If I evaluate a first, I think I can use eitherT to check if a succeeded. But if I evaluate both at the same time I get confused. Here is the situation:
If only a failed, I will retry a, if that fails I will run a function that manually reverses b
If only b failed, I will retry b, write to the log in RWS and return left
if both fail write to the log in RWS and return left
if both succeed process c (which is not as time sensitive as a or b)
But if I evaluate both in parallel, then how can I identify which one failed? If I use eitherT immediately after a then a will evaluate first. If I use it after b then I won't be able to tell which one failed.
Is there a way I can evaluate the IO calls in parallel but respond differently depending on which one (if any) fails? Or am I left with a choice of parallelism vs failure mitigation?
The solution you are looking for will use forkIO and MVars.
par
par is for multiprocessor parallelism, it helps evaluate terms in parallel. It doesn't help with IO. If you do
do
a <- (someProcess :: IO a)
...
By the time you reach ... everything from the IO action has happened (if we ignore evil lazy IO) to a point that a can be determined entirely by ordinary evaluation. This means that by the time you do b <- someOtherProcess, all of someProcess is already done. It's too late to do anything in parallel.
EitherT
You can explicitly examine the Either e a result of an EitherT e m a. runEitherT :: EitherT e m a -> m (Either e a) makes the success or failure explicit in the underlying monad. We can lift that right back into EitherT to make a computation that always succeeds (sometimes with an error) from one that sometimes fails.
import Control.Monad.Trans.Class
examine :: (MonadTrans t, Monad m) => EitherT e m a -> t m (Either e a)
examine = lift . runEitherT
forkIO
The simplest solution for doing two things in IO is forkIO. It starts another lightweight thread that you can forget about.
If you run a value with your transformer stack, there will be four pieces of data when you are done. The state ConnectState, the written ConnectWriter log, whether the computation was successful, and, depending on whether or not it was successful, either the value or the error.

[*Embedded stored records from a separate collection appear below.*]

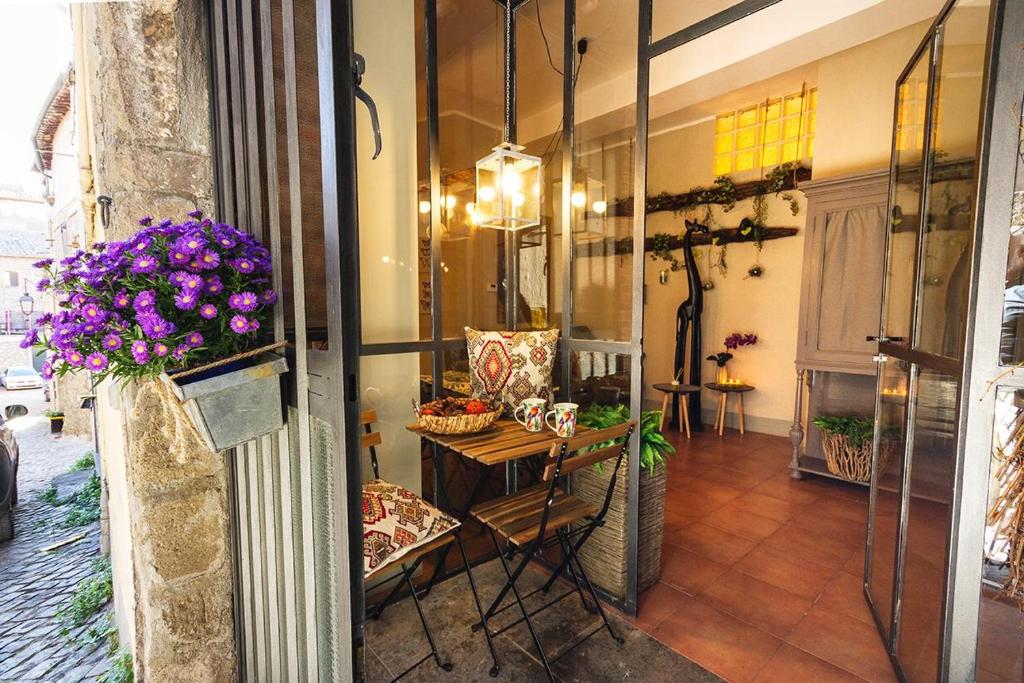 a room with a table and flowers on the wall at City Jungle in Viterbo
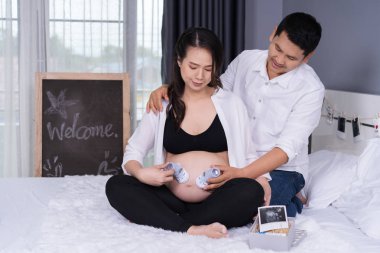 kocası ve karın hamile karısını yatakta Bebek çorap ile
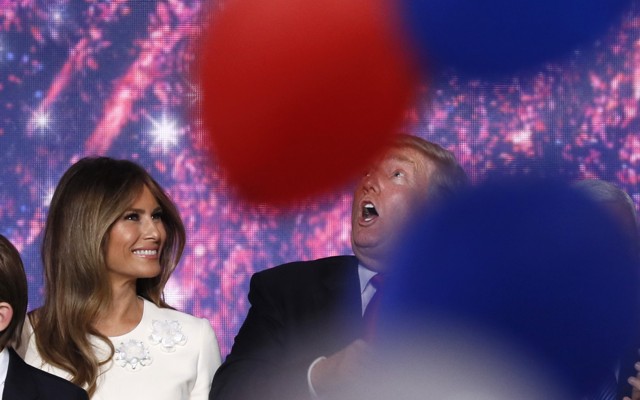 Melania Trump and her husband Donald celebrate with family as balloons fall at the conclusion of the Republican National Convention in Cleveland in July.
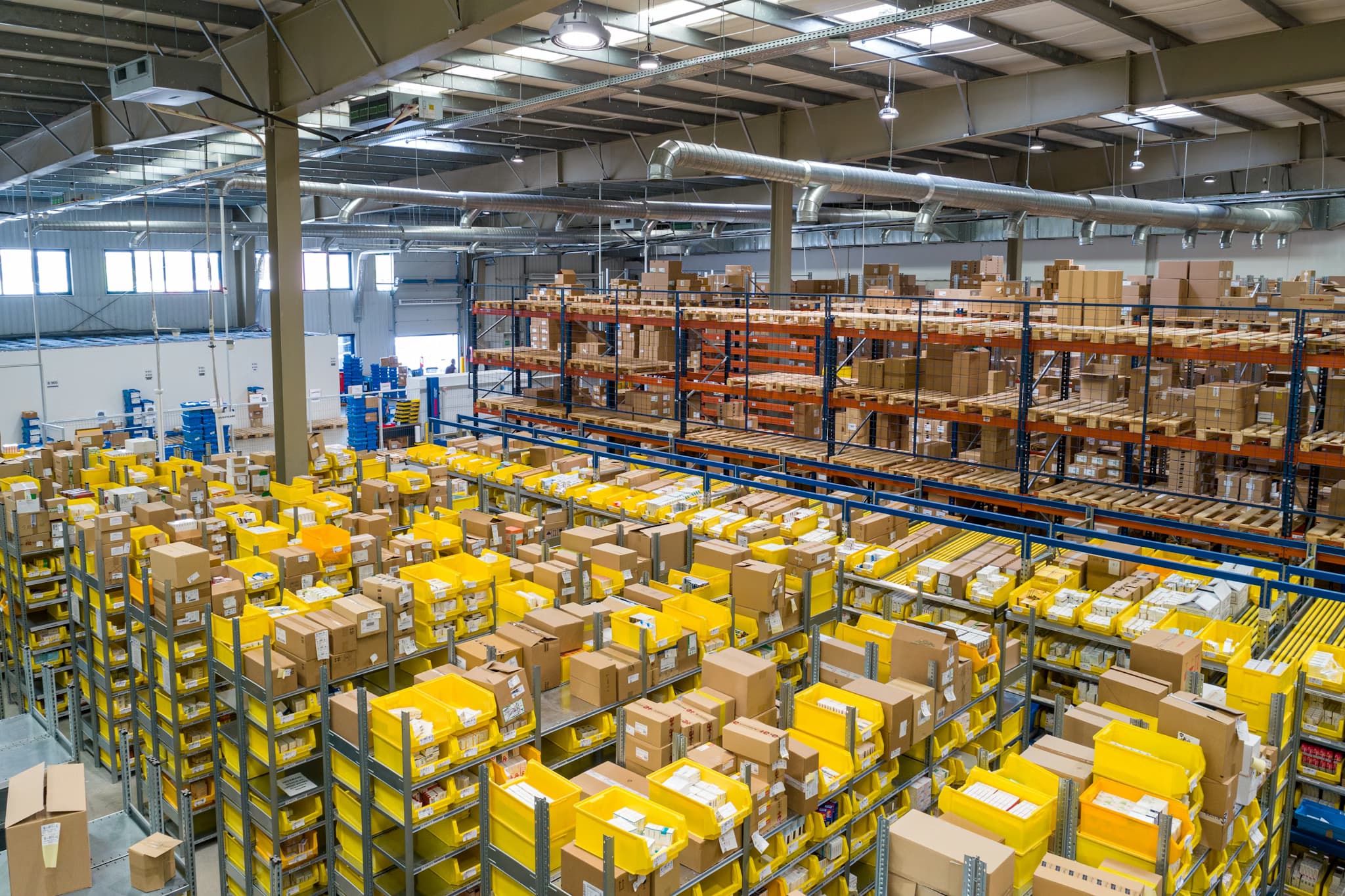 Warehouse aisles with workers and stacked pallets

EitherT String (RWST ConnectReader ConnectWriter ConnectState IO) a
^ ^ ^ ^ ^
If we write out the structure of this, it looks like
(RWST ConnectReader ConnectWriter ConnectState IO) (Either String a)
^ ^ ^ ^ ^
ConnectReader -> ConnectState -> IO (Either String a, ConnectState, ConnectWriter)
^ ^ ^ ^ ^
All four of those pieces of information end up in the result of the IO action. If you fork your stack, you need to decide what to do with all of them when you join the results back together. You have already decided that you want to explicitly handle the Either String a. The ConnectWriters can probably be combined together with <>. You will need to decide what to do with ConnectState.
We'll make a fork that returns all four of these pieces of data by shoving them into an MVar.
import Control.Concurrent
import Control.Concurrent.MVar
import Control.Monad.IO.Class
forkConnectT :: ConnectT a -> ConnectT (MVar (Either String a, ConnectState, ConnectWriter))
forkConnectT cta = do
result <- liftIO newEmptyMVar
r <- lift ask
s <- lift get
liftIO $ forkIO $ do
state <- runRWST (runEitherT cta) r s
putMVar result state
return result
Later, when we want the result, we can try and see if it is ready. We'll handle the Either for success and failure explicitly, while handling the state and writer behind the scenes.
import Data.Traversable
tryJoinConnectT :: MVar (Either String a, ConnectState, ConnectWriter) -> ConnectT (Maybe (Either String a))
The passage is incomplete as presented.